→ **What you need to do**
When you copy from the entries that follow, take only the lines from the one with "Dr. Martens 2976" down to the one with "Renault Duster, 2021 г.", keeping both ends and dropping every picture.

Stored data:
########################################
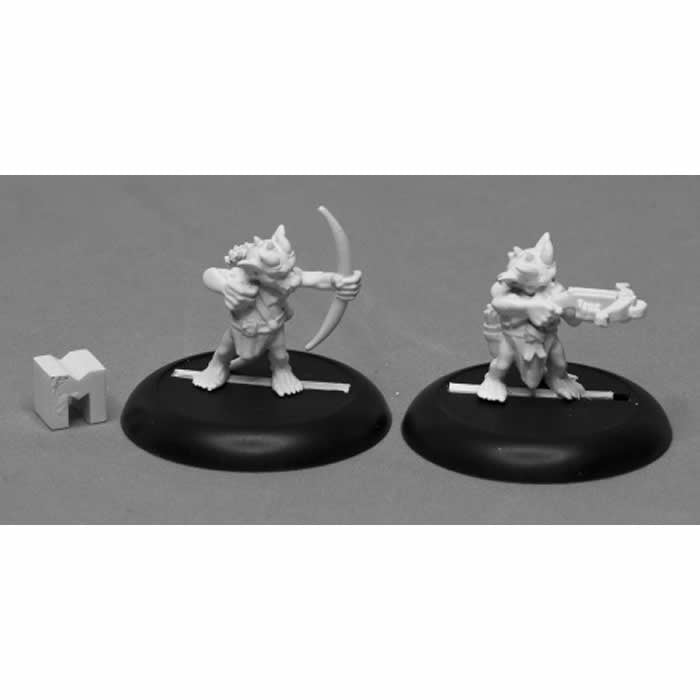 RPR07021 Kobold Archers Miniature 25mm Heroic Scale Dungeon Dwellers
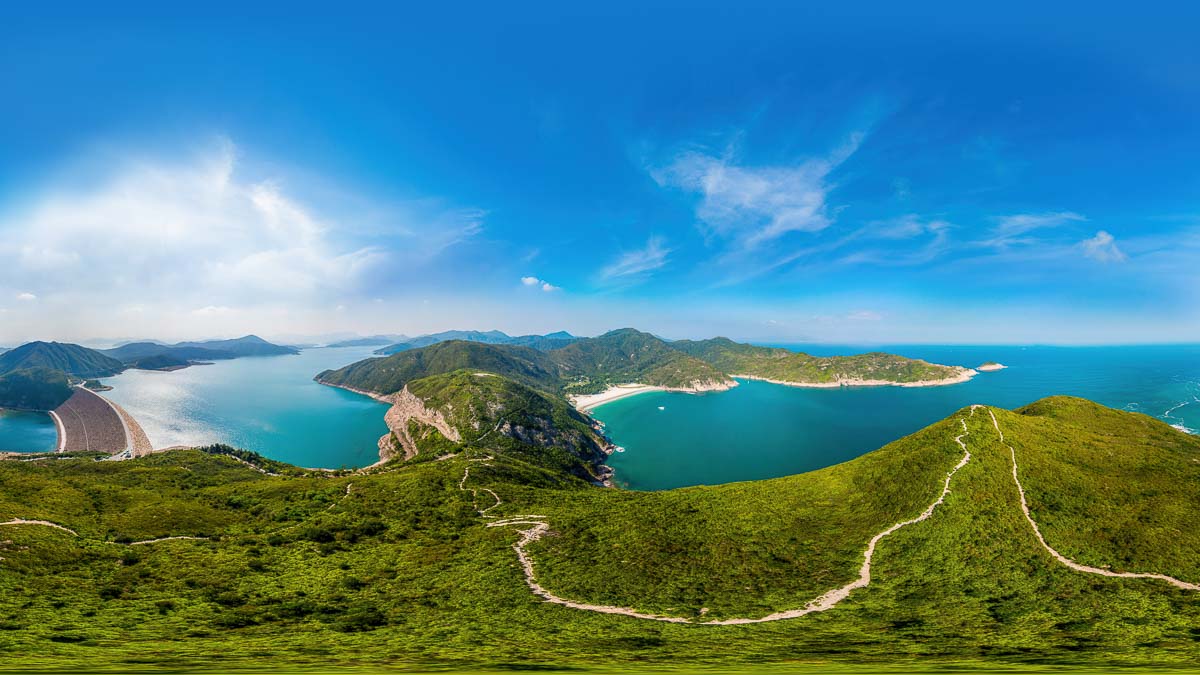 MacLehose Trail - 360 Hong Kong Moments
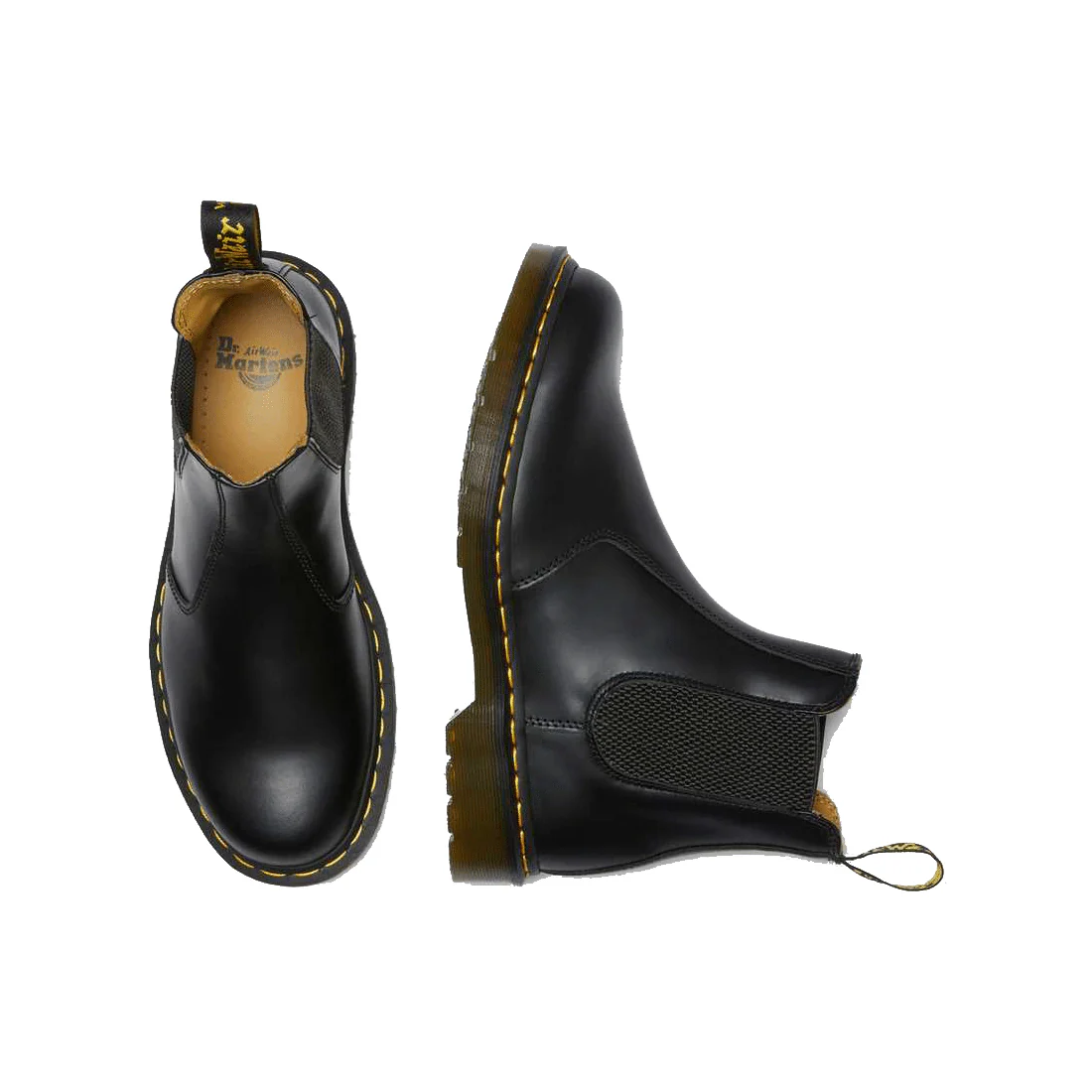 Dr. Martens 2976 Smooth Leather Chelsea Boots - Image 8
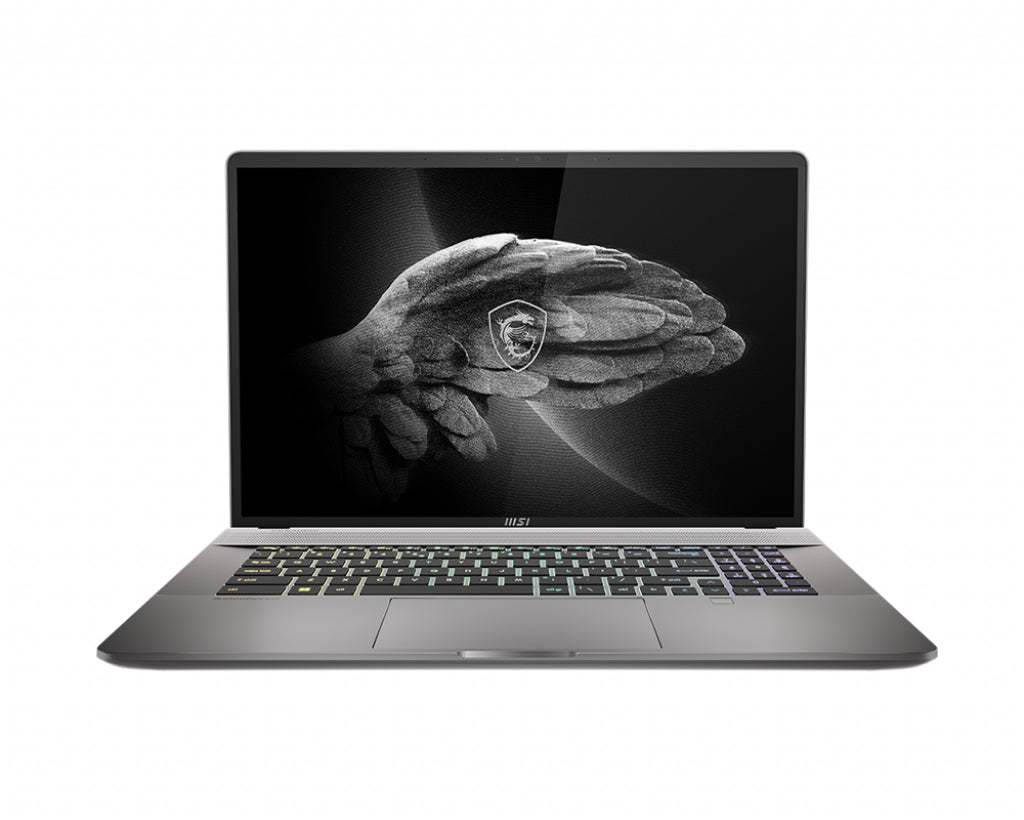 MSI Creator Z17 A12UGST-071CA Intel® Core™ i7 i7-12700H Laptop 43.2 cm (17") Touchscreen Quad HD+ 32 GB DDR5-SDRAM 1 TB SSD NVIDIA GeForce RTX 3070 Ti Wi-Fi 6E (802.11ax) Windows 11 Pro Grey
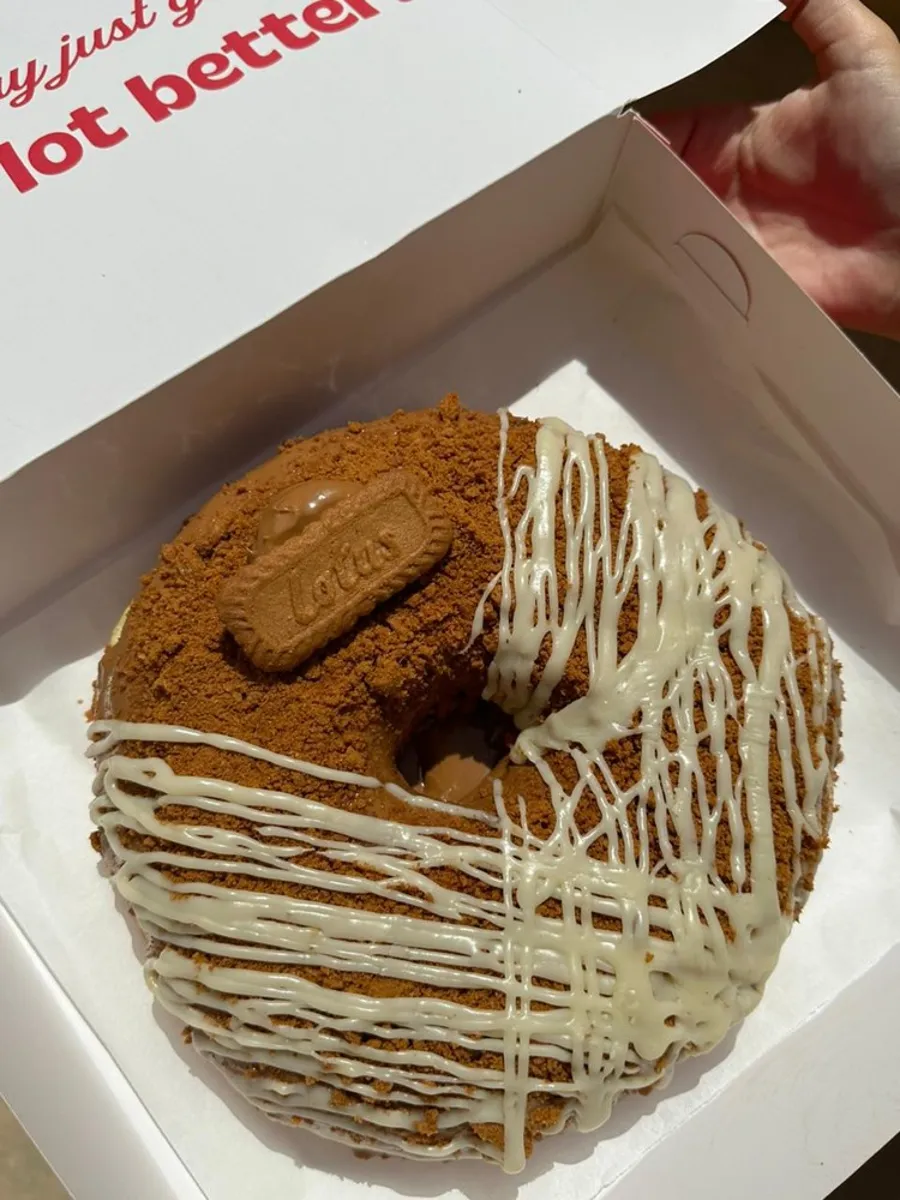 Mega Birthday Donut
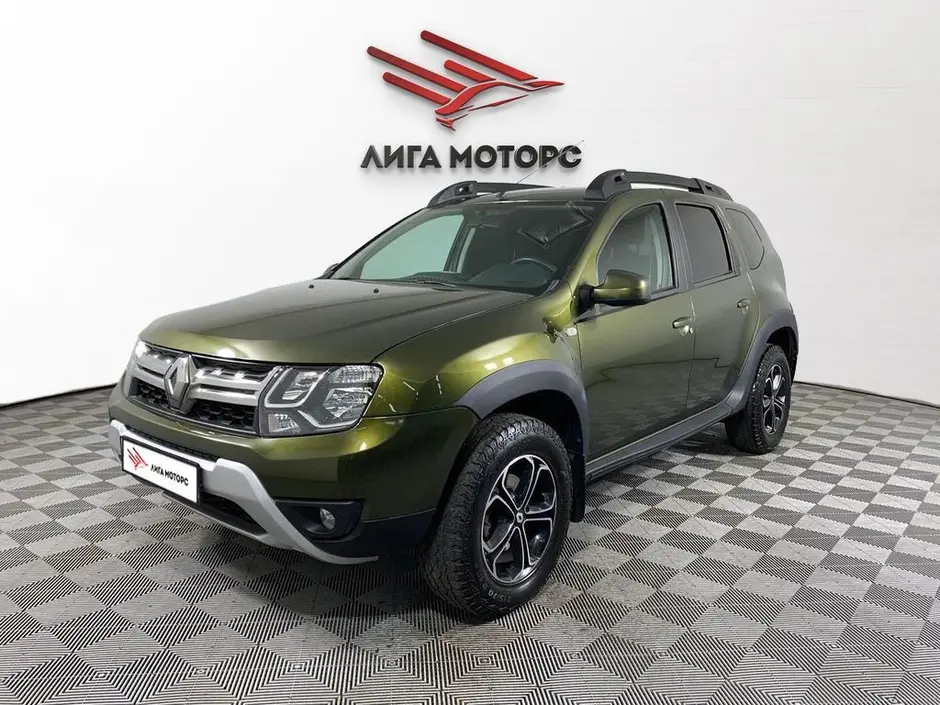 Renault Duster, 2021 г.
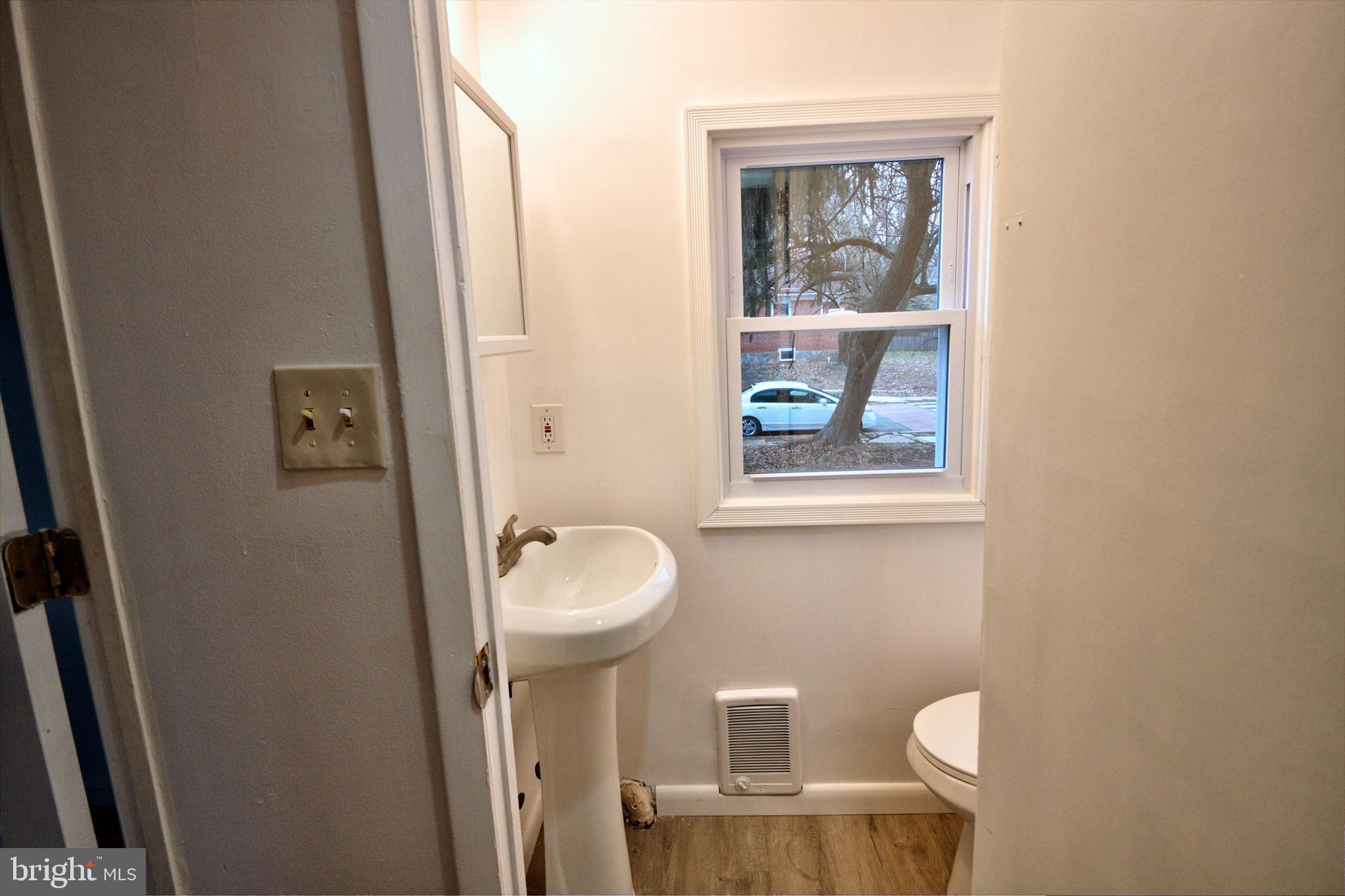 7031 Concord Road Pikesville, MD 21208 - Photo 8 of 51 Updated half bath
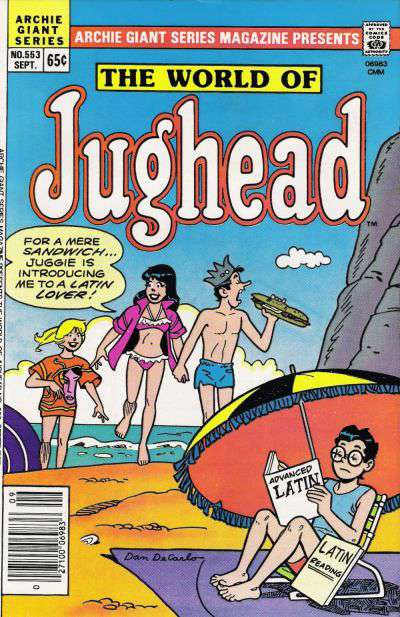 Archie Giant Series Magazine #553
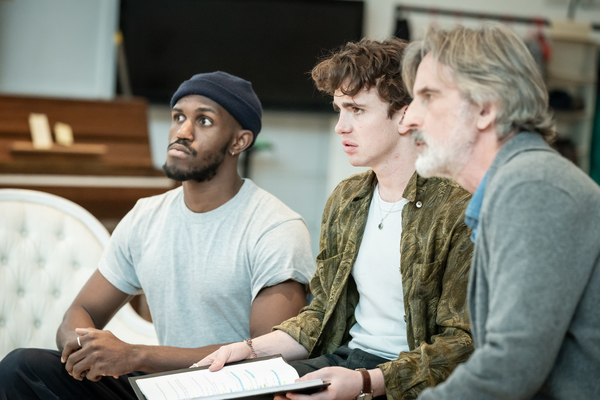 Photo Flash: Inside Rehearsal For THE SON at the Kiln Theatre Image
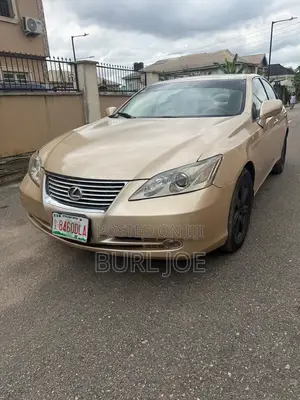 Lexus ES 350 2009 Gold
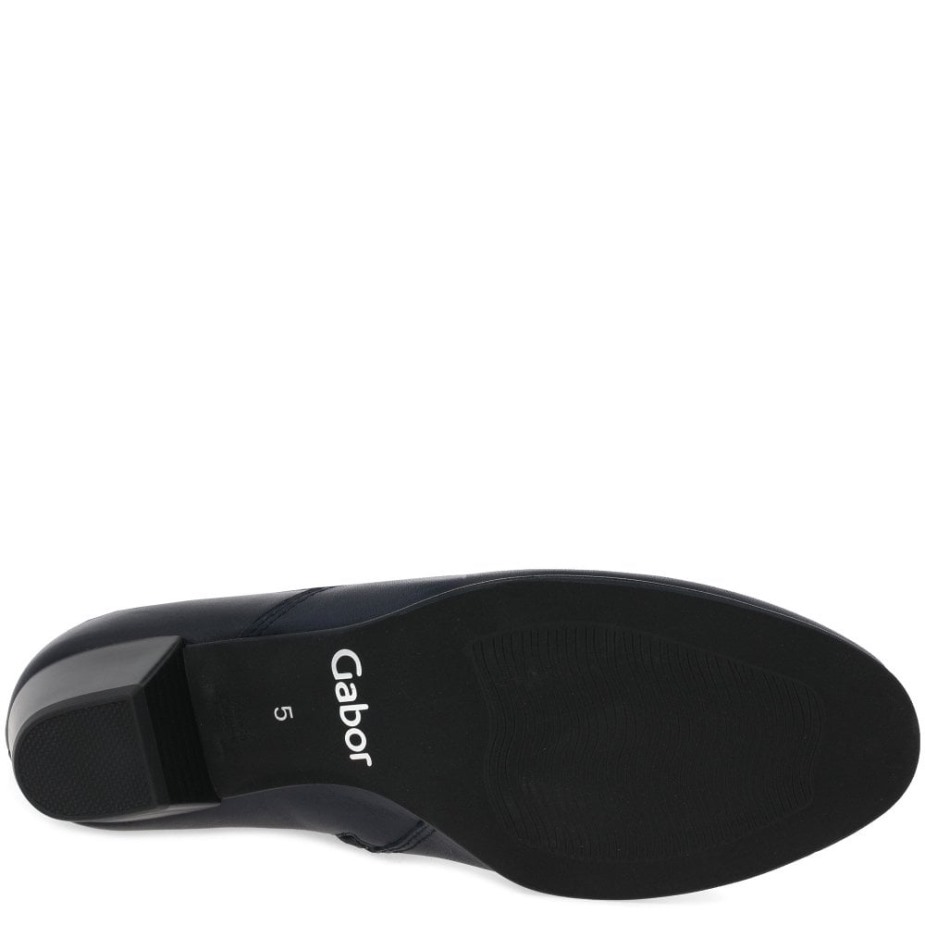 Gabor Rachel Leren Brede Laarzen Middernacht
########################################
→ **Output of the exercise**
 Dr. Martens 2976 Smooth Leather Chelsea Boots - Image 8
 MSI Creator Z17 A12UGST-071CA Intel® Core™ i7 i7-12700H Laptop 43.2 cm (17") Touchscreen Quad HD+ 32 GB DDR5-SDRAM 1 TB SSD NVIDIA GeForce RTX 3070 Ti Wi-Fi 6E (802.11ax) Windows 11 Pro Grey
 Mega Birthday Donut
 Renault Duster, 2021 г.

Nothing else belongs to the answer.